So far in this series we have seen why the Gibbard-Satterthwaite theorem implies that the primaries are unfair. I had said that I was going to talk about alternative voting systems today. But I changed my mind. I’ll instead do that tomorrow. Today let’s move on to the real deal: The General Election.

Most US general elections are not nearly as bad as the primaries because essentially the the Gibbard-Satterthwaite theorem does not apply. One of the assumptions of Gibbard-Satterthwaite is that there be at least three candidates. In the primaries this is certainly true, but in most US general elections, at least 97% of votes cast are for either the Republican or the Democrat nominee. [Grammar break: “Democrat nominee”? “democratic nominee”? “Democrat’s nominee”? “republican” seems naturally to be an adjective while “Democrat” a noun! It makes it confusing!] Ok, back to math. Now, because the two major parties do not get 100% of the votes, the theorem still does technically apply. And the issues that we discussed last time can creep up.
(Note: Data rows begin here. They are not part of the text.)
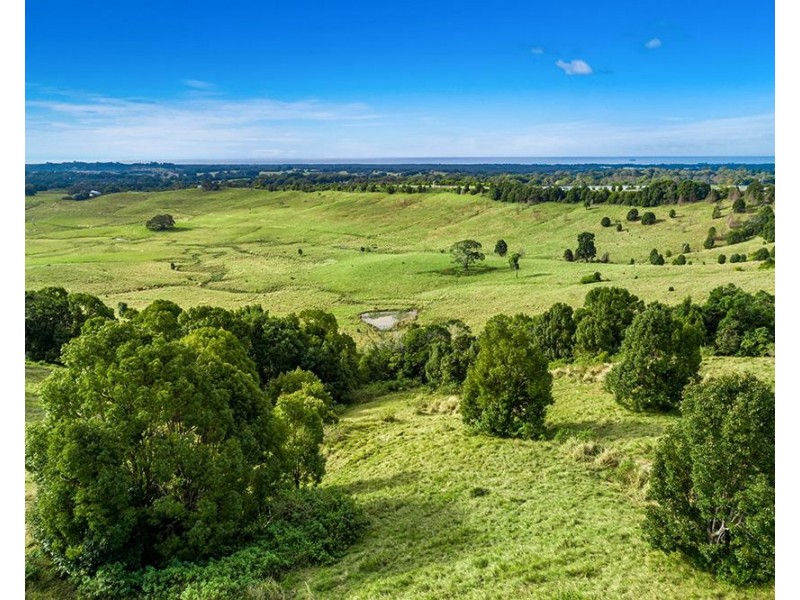 1683 Hinterland Way, Ewingsdale NSW 2481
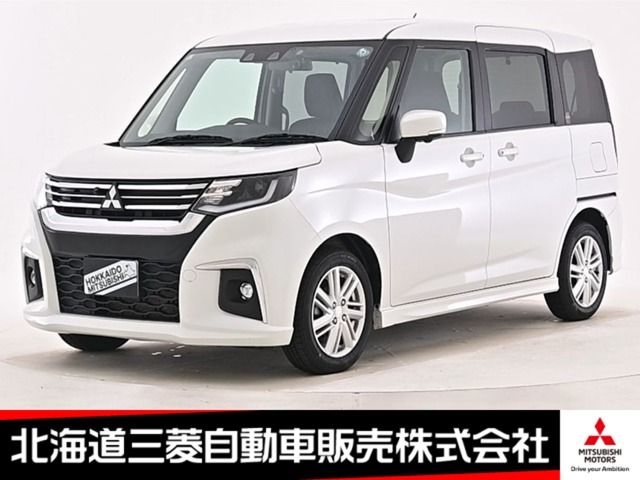 Photo of code 202602465724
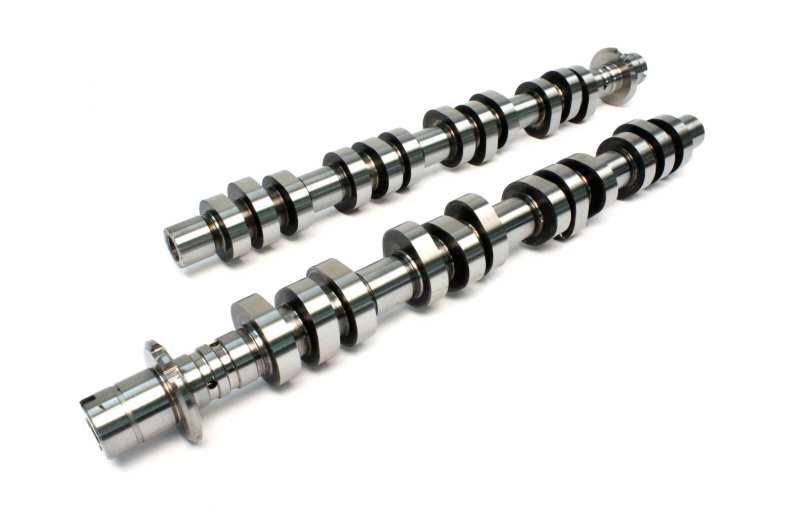 COMP Cams Camshaft Set F4.6 3V XE261L H - Corvette Realm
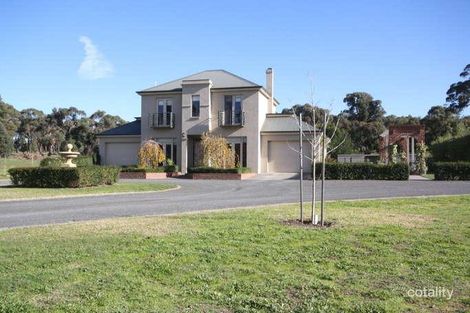 16 Macs Rd, Buninyong, VIC 3357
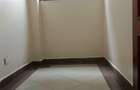 4 Bed Apartment with En Suite at Parklands - 2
At this moment there certainly are a number of congressional races which have three viable candidates, and hence the situation once again resembles the primaries. And even a presidential election can run into problems. Florida in 2000 is a classic example, and historically there have been many others. That 3% can certainly make a huge difference in a close race if the 3% are primarily being taken away from one of the two major candidates.

But let’s ignore these issues since at best they simply reduce the question to one resembling the primaries, which we have already discussed. Let’s assume that the presidential race is a 2-candidate race and focus our attention on the electoral college. As a preliminary statement, technically the members of each state’s electoral college are not bound to cast their votes for the winner of that state’s popular vote. But we will also ignore that since nowadays that rule is nothing more than than a formality and every time (except a possible rare example here or there, like Florida 2000, once again) they do decide with the people.

First of all, one advantage of the electoral college is that it maintains, to some extent, the notion that our nation is a collection of semi-autonomous states which blah blah blah.. Ok, fine, the founders liked states. But the question I want to discuss here is whether the electoral system is democratic. Americans are usually so proud to claim that we are a democratic nation. But in terms of electing our nation’s president, are we really?

Democracy is usually defined as a system of government where each person has equal say. Of course the founders excluded all sorts of people from this “each person” clause, but whatever. Eventually “land-owning, tax-paying, literate, christian, sufficiently old, non-criminal, white male American citizen” was reduced to “18 year old American citizen,” and Americans (probably at least as loudly as the land-owning, tax-paying, literate, christian, sufficiently old, non-criminal white male American citizens did back in 1800) proudly and loudly proclaim that we have a democracy.

So how do we measure whether “each person has equal say”? I propose the following reformulation: “each person’s vote has equal probability of deciding the election.” If everyone votes, but we dictate that the voters whose last names begin with F, O, or W get to their votes to count 100 times more than everyone else’s, then most everyone would agree that not every person has an equal say. Likewise if the voter’s vote was weighted based on how much land they own or their knowledge of biblical scripture.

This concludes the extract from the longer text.